Required work:
Please output every line of the material as it stands, without the pictures.
***** Provided entries *****
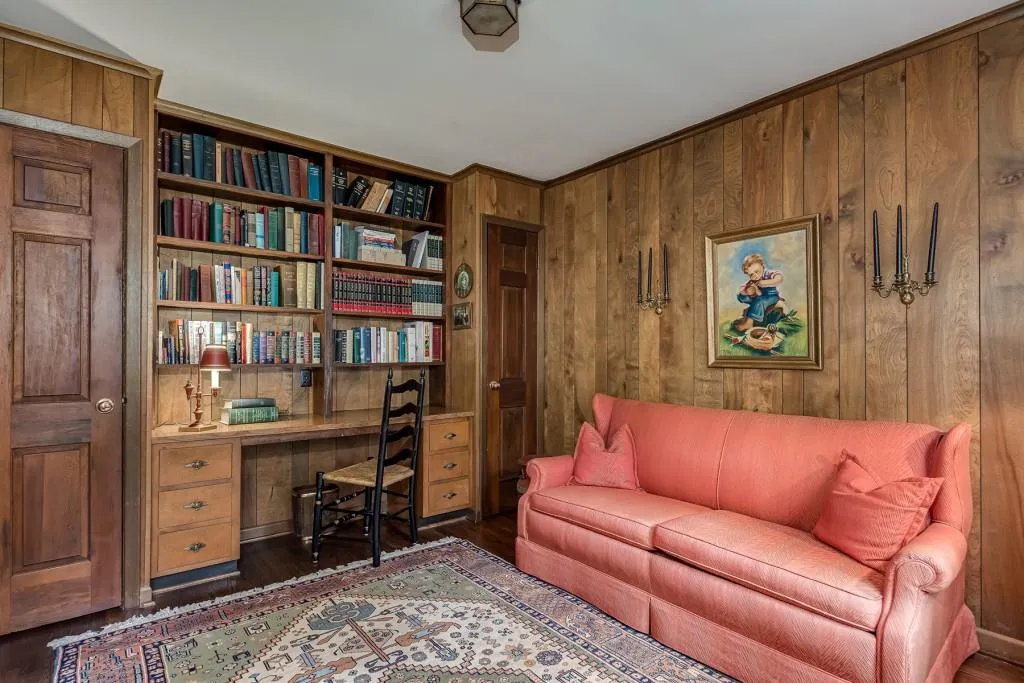 35 River Court Parkway, Sandy Springs, Georgia 30328, 4 Bedrooms Bedrooms, ,2 BathroomsBathrooms,Residential,Sold,35 River Court Parkway,6871288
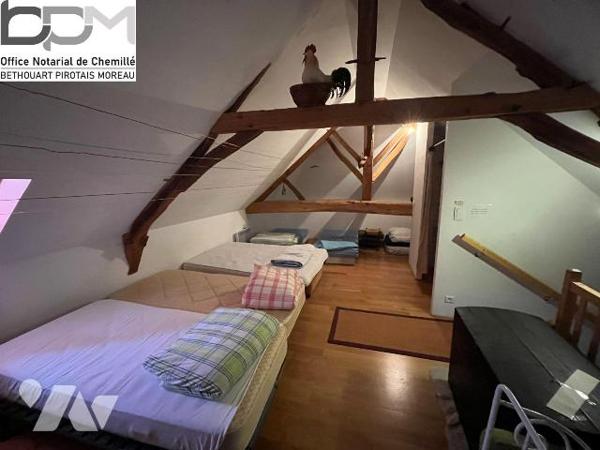 À Vendre, maison de 130 m² avec 4 chambres, bord de rivière. Située en bord de rivière, cette m...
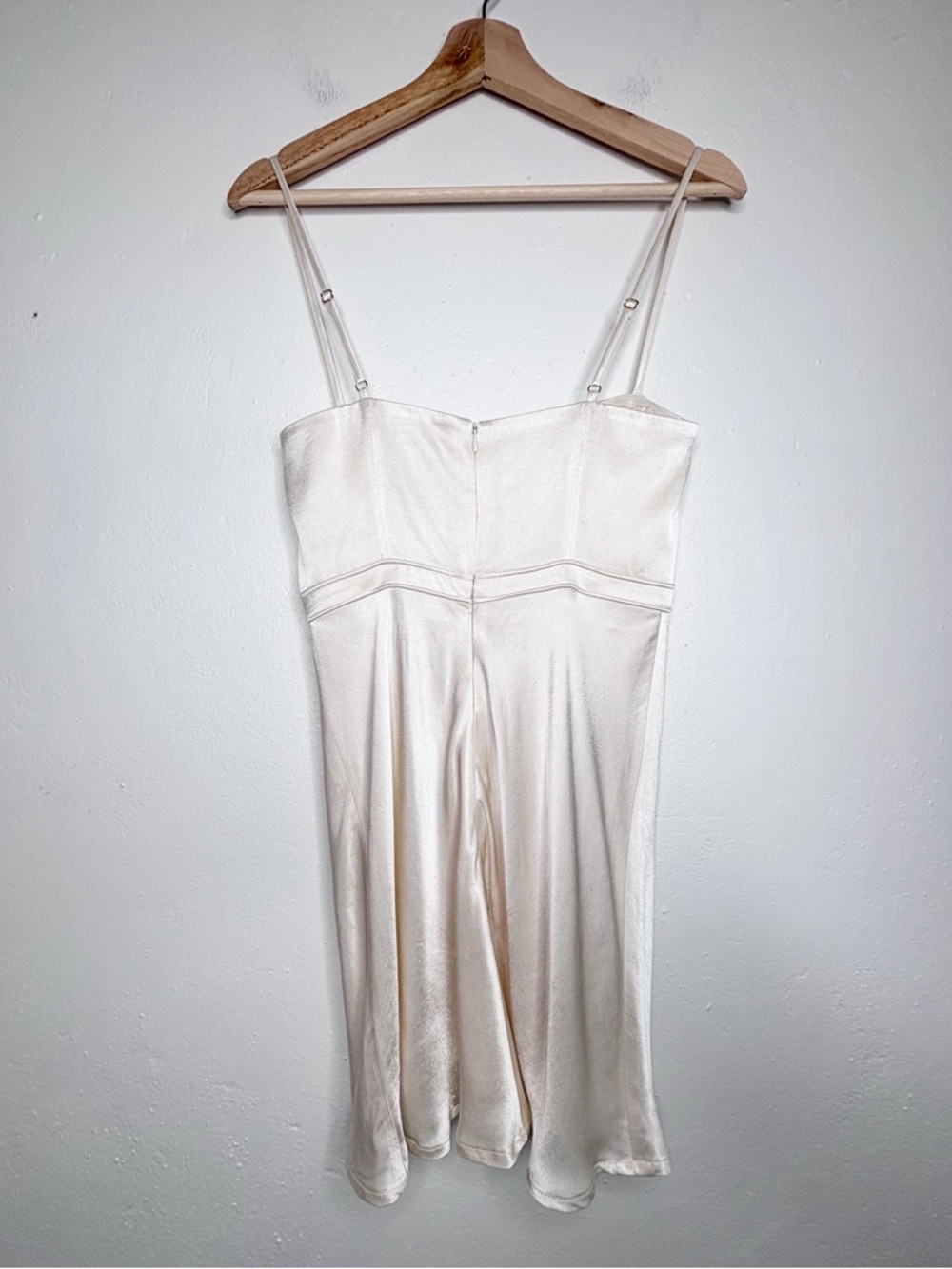 Revolve SHONA JOY La Lune Bustier Mini Dress Satin Cream Size 6 EUC - Picture 4 of 13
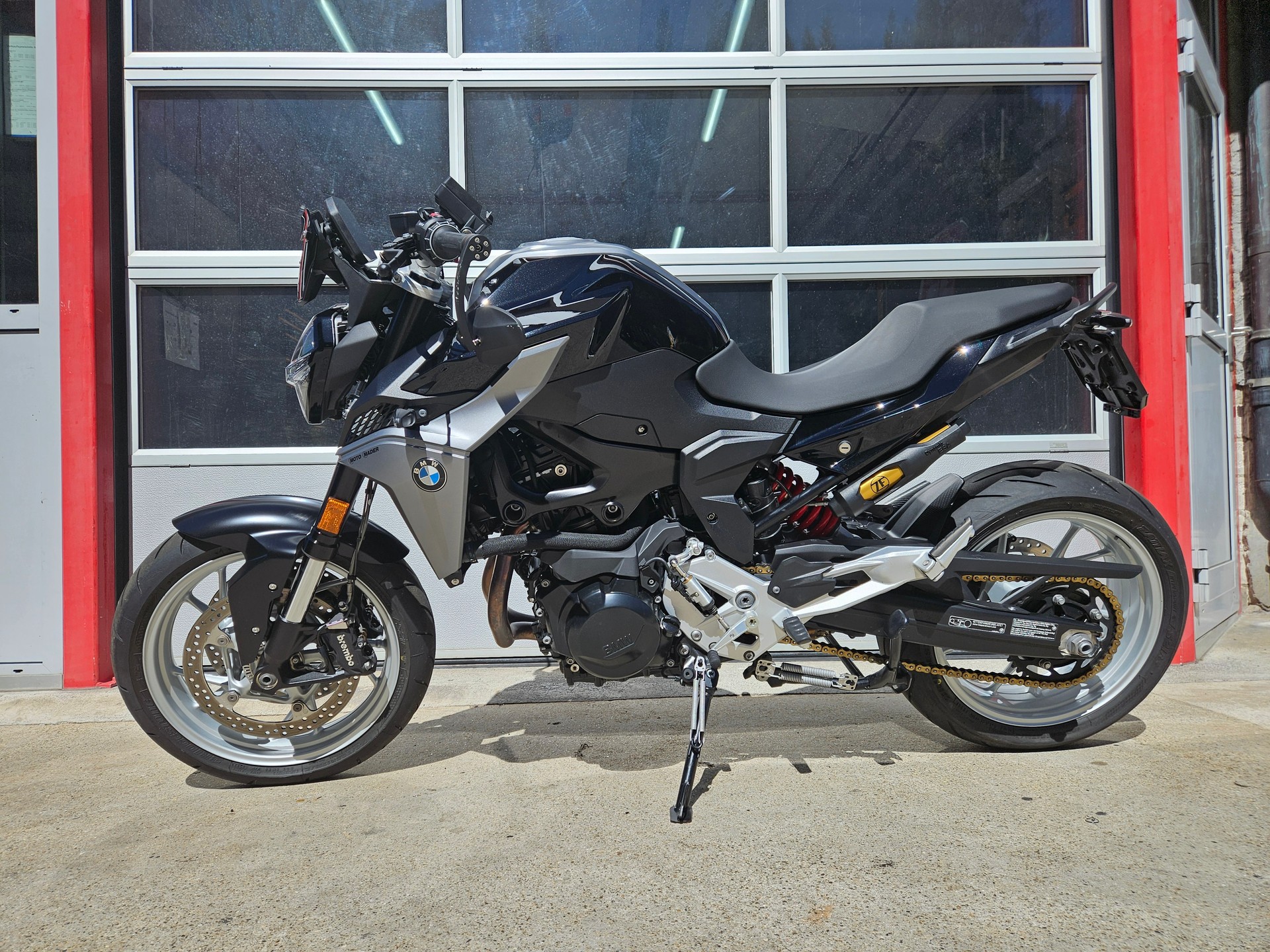 BMW F 900 R ABS-showroom-element-1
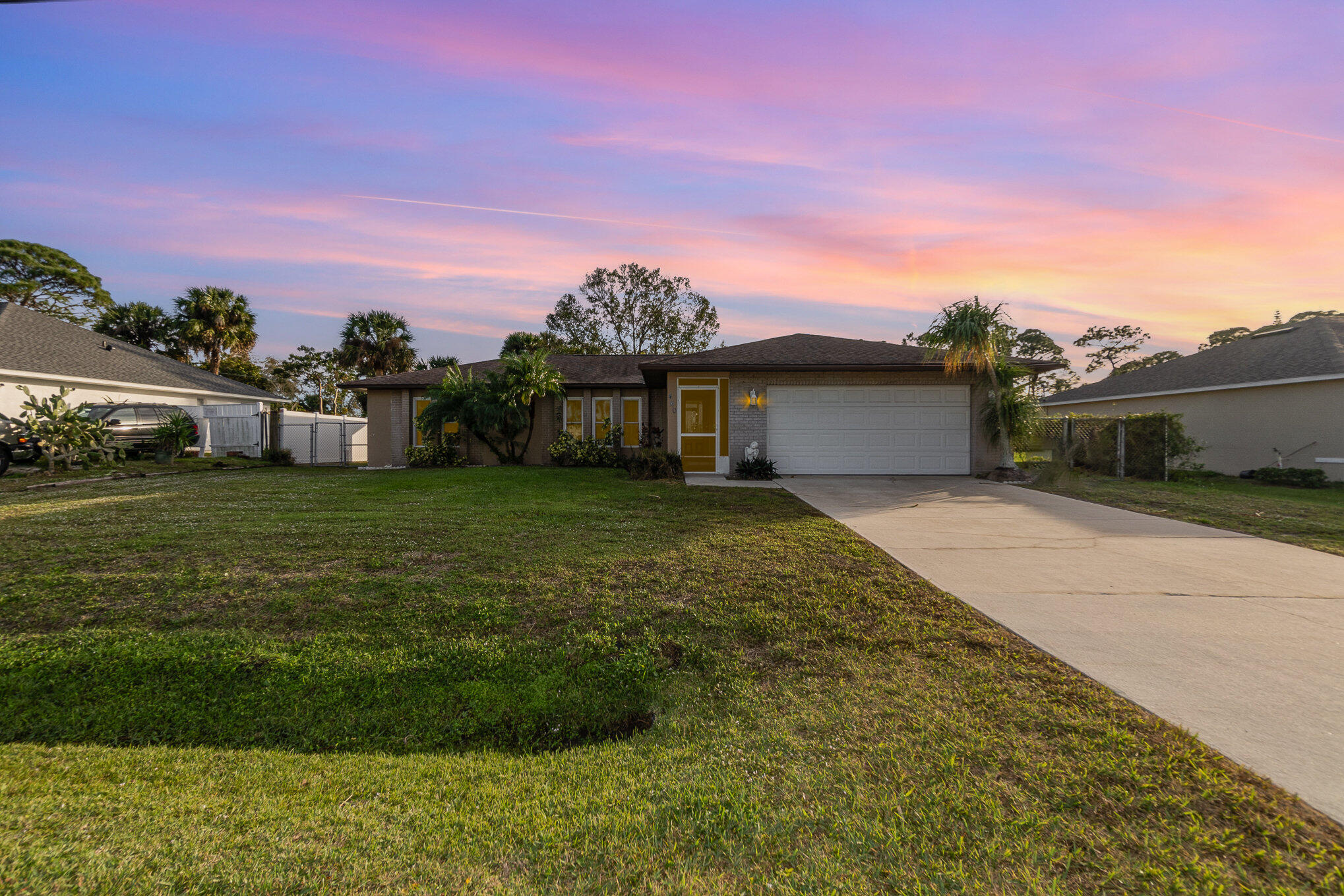 460 Americana Boulevard NE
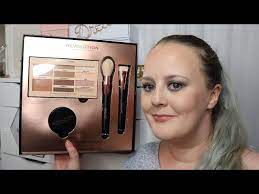 b m makeup revolution contour kit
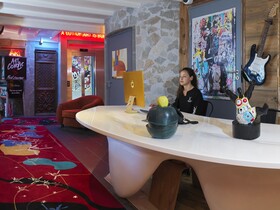 Snow Lodge Hotel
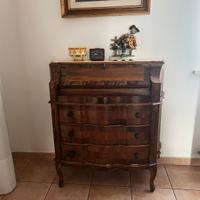 Mobile antico lntarsiato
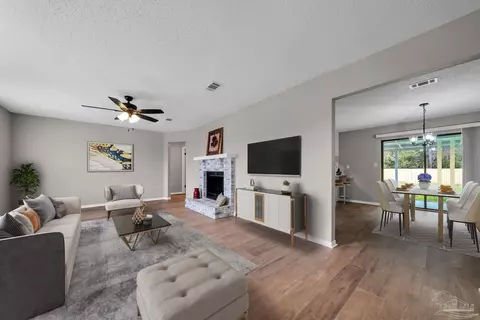 611 Seapine Cir, Pensacola, FL 32506
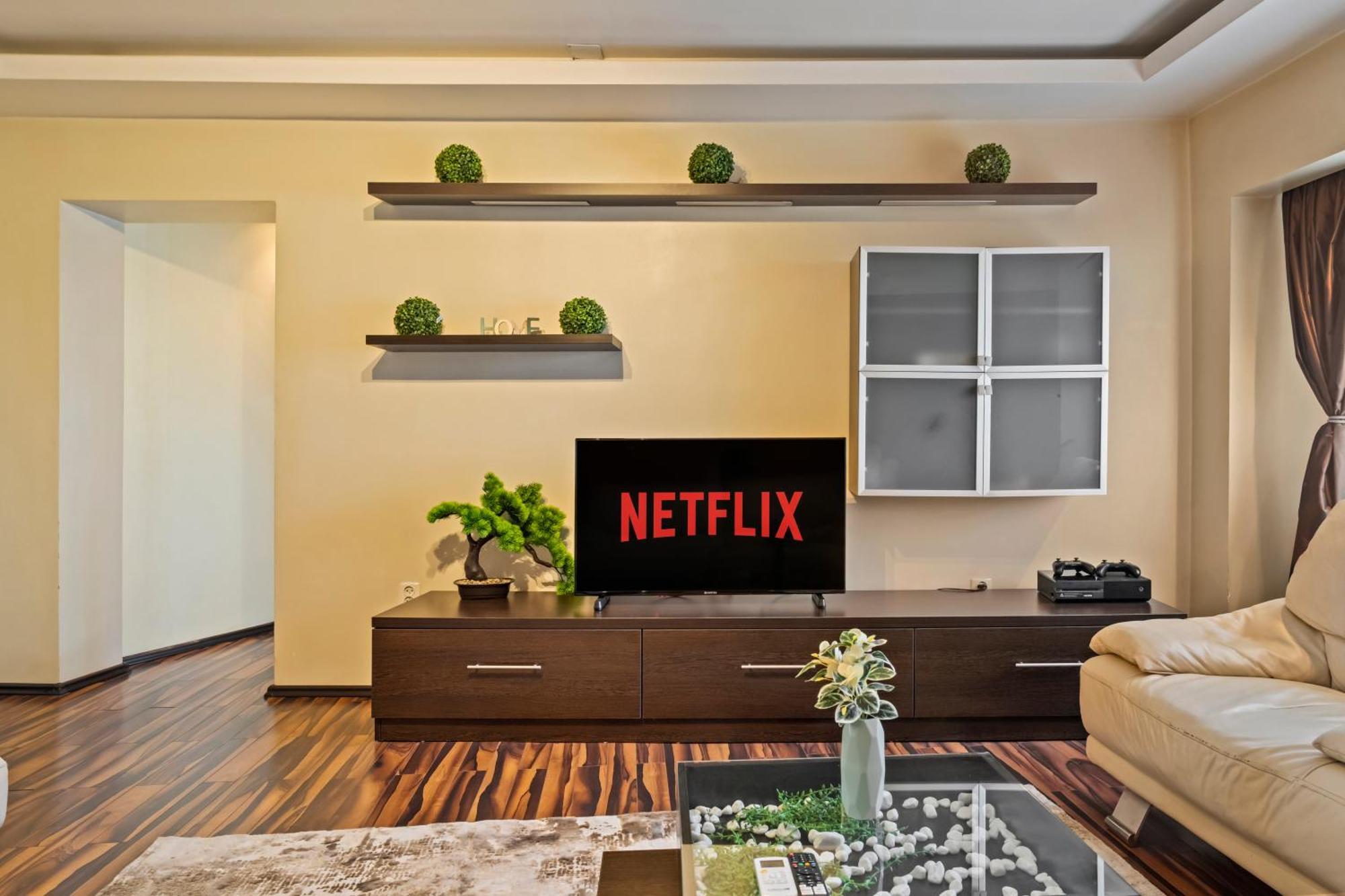 4 Rooms Unirii 47 Бухарест Экстерьер фото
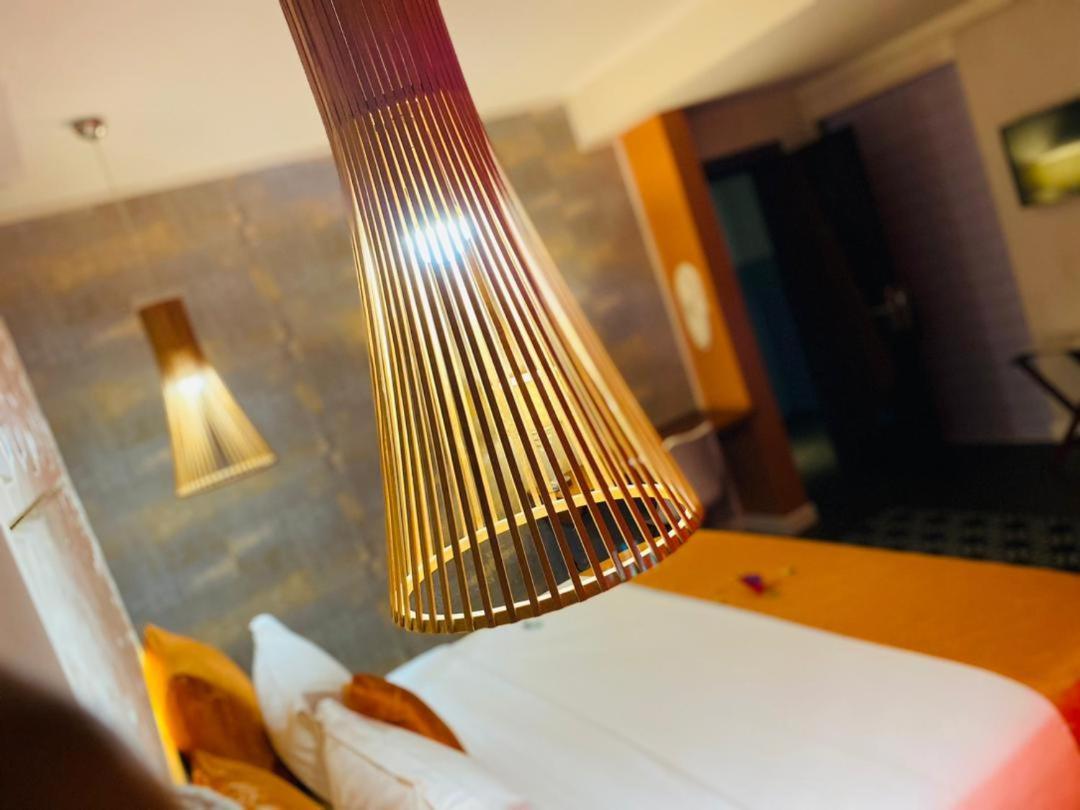 Boun'S Hotel Яунде Екстер'єр фото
*****
Written answer:
 35 River Court Parkway, Sandy Springs, Georgia 30328, 4 Bedrooms Bedrooms, ,2 BathroomsBathrooms,Residential,Sold,35 River Court Parkway,6871288
 À Vendre, maison de 130 m² avec 4 chambres, bord de rivière. Située en bord de rivière, cette m...
 Revolve SHONA JOY La Lune Bustier Mini Dress Satin Cream Size 6 EUC - Picture 4 of 13
 BMW F 900 R ABS-showroom-element-1
 460 Americana Boulevard NE
 b m makeup revolution contour kit
 Snow Lodge Hotel
 Mobile antico lntarsiato
 611 Seapine Cir, Pensacola, FL 32506
 4 Rooms Unirii 47 Бухарест Экстерьер фото
 Boun'S Hotel Яунде Екстер'єр фото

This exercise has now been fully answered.